Like addiction, suicide is a form of escape. Given my suicide research background and my current focus on addiction, I thought it would be appropriate to share my perspective on their similarities.
Suicidal thoughts can lead to addiction, and addiction can increase the risk of suicidal thoughts. Beyond their co-occurrence in this downward spiral, both operate similarly as a form of escape.
Suicide is an escape from deep emotional pain, in addition to an escape from the self and the world. It often occurs when one feels hopelessly socially isolated or feels like a burden on others.
Let’s unpack what this means and how suicide and addiction operate in similar ways.
What Causes Suicide?
Before considering escapism and addiction, let’s summarize the major theories of suicide, in simple terms, from the individual to the social level.

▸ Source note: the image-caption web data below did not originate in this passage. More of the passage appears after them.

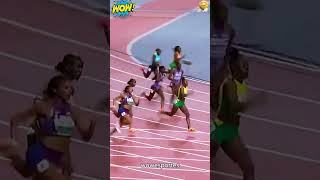 Conheça Shericka Jackson (Jamaicana)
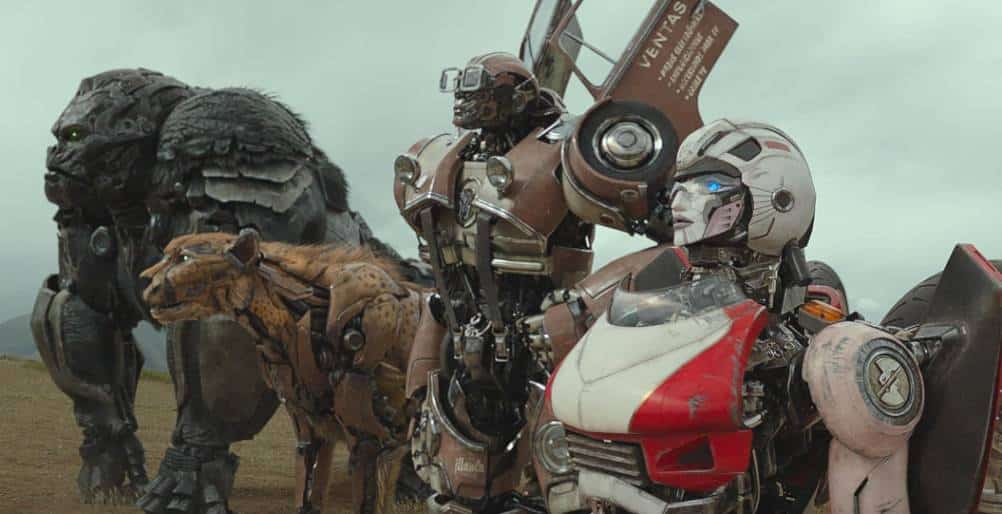 ¡Mira la película Transformers – El Despertar de Las Bestias en línea!
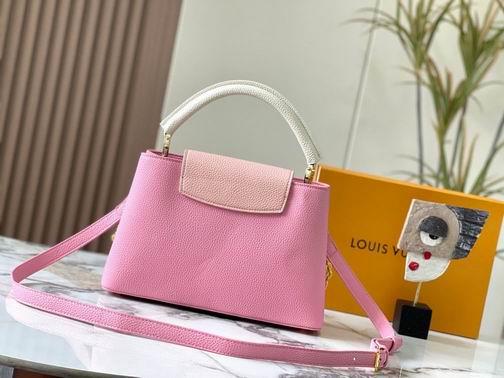 1:1 Louis Vuitton Bags Hatucines M20708 31.5x20x11cm ss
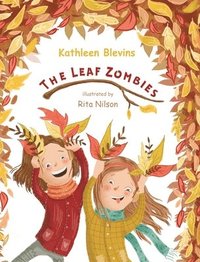 bokomslag Leaf Zombies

Starting with the most individual level, Edwin Shneidman states suicide is the result of “Psychache.” He defines this as extreme emotional pain.
Roy Baumeister adds to this theory, stating that the emotional pain is produced by constant painful thoughts regarding one’s self. In his article, Suicide as Escape From Self, he shares how these thoughts often involve the sense of oneself as a failure, an impostor, or not living up to an imagined standard.
Thomas Joiner builds on both of these theories in his Interpersonal Theory of Suicide. He states that the pain and thoughts result from the lack of belonging, combined with feeling like a burden and hopelessness regarding the prospects of this ever changing.
These theories can be mapped onto the societal level, considering Émile Durkheim’s sociological theory of suicide. At this level, suicide is often the result of an unregulated, individualistic society where people lose a sense of purpose and no longer feel a sense of community.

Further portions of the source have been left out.